One thing I worry about is the placement of the grill. It just amazes me how many people use their BBQ grills on wooden surfaces. We’re often invited to cookouts, and some of the hosts grill on their wooden decks. Hello! Fire plus wood is not a safe bet. Shouldn’t that be a no-brainer? If you’re determined to grill on your deck, at least make a safe area by covering a section of the deck with ceramic tiles, quarry tiles, or brick pavers. We made a special grilling area adjacent to our deck and used tiles that look like brick pavers for the flooring. The person cooking is still near all the “deck action” but is in an area that’s safe for cooking. We also have a water hose and a fire extinguisher nearby, just in case.
And there’s also the grill itself to worry about. I can’t tell you how many times I’ve seen “grillers” add more charcoal lighter to a burning fire in order to get the coals ready more quickly. Avoid doing that! Patience is a virtue, my friends. Gas grills can be just as dangerous if you don’t keep them in good working order. The propane needs a clear pathway from the tank to the grill, and sometimes things can go wrong. Check your hose and grill on a regular basis.
My biggest worry has to do with the grandkids. I have nine, and of course, they’re all very dear to me. Eight of them are old enough to run around and play outdoors, so I always appoint a couple of adults to be responsible for keeping the little ones away from the grill. For the baby who can’t walk yet, I make sure she’s not where she’s going to be exposed to a lot of smoke.
When you’re out partying, I trust you have the foresight to appoint a designated driver. By that same token, you need a designated griller – one who’s sober and clear-headed. I’ll admit that the guys in my family are fond of brew, and they think that a cooler of cold beer is a natural part of any cookout. I’m not going to suggest to them that can’t enjoy an adult beverage while they’re cooking, but I do try to keep an eye on them to make sure they’re sober enough to be responsible. If one gets a little too “happy,” we pass the cooking responsibilities on to someone else.

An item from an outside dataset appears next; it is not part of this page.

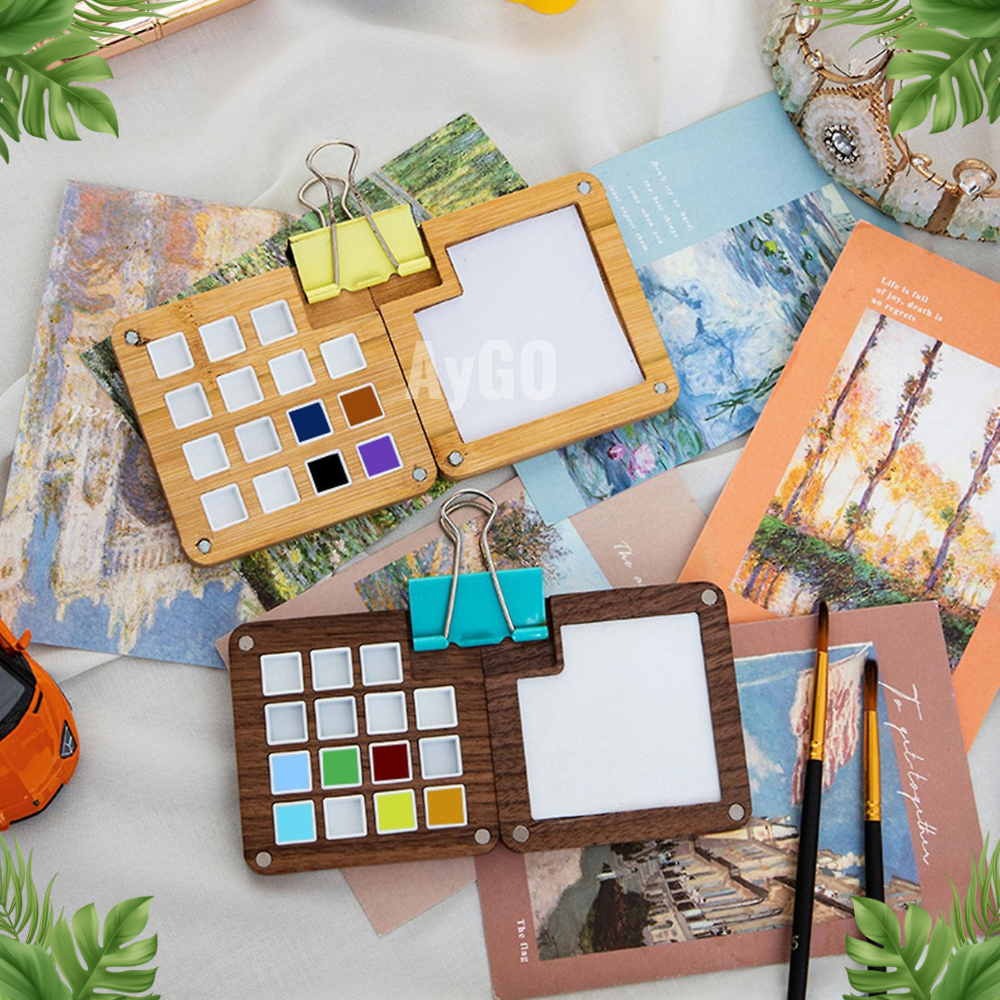 

Wooden Palette Magnetic Mini / Palette Portable / Palet Lukis Kayu Mini RB9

Grilling outdoors should be fun – not the reason for a trip to the emergency room or for a call to the fire department. Think ahead and use some common sense. Remember that you’re dealing with high temperatures and fire, so there are all sorts of things that can go wrong. You don’t have to be anal retentive with your BBQ safety tips, but you do need to cover the basics. Your BBQ chicken will taste a lot better if everyone is safe.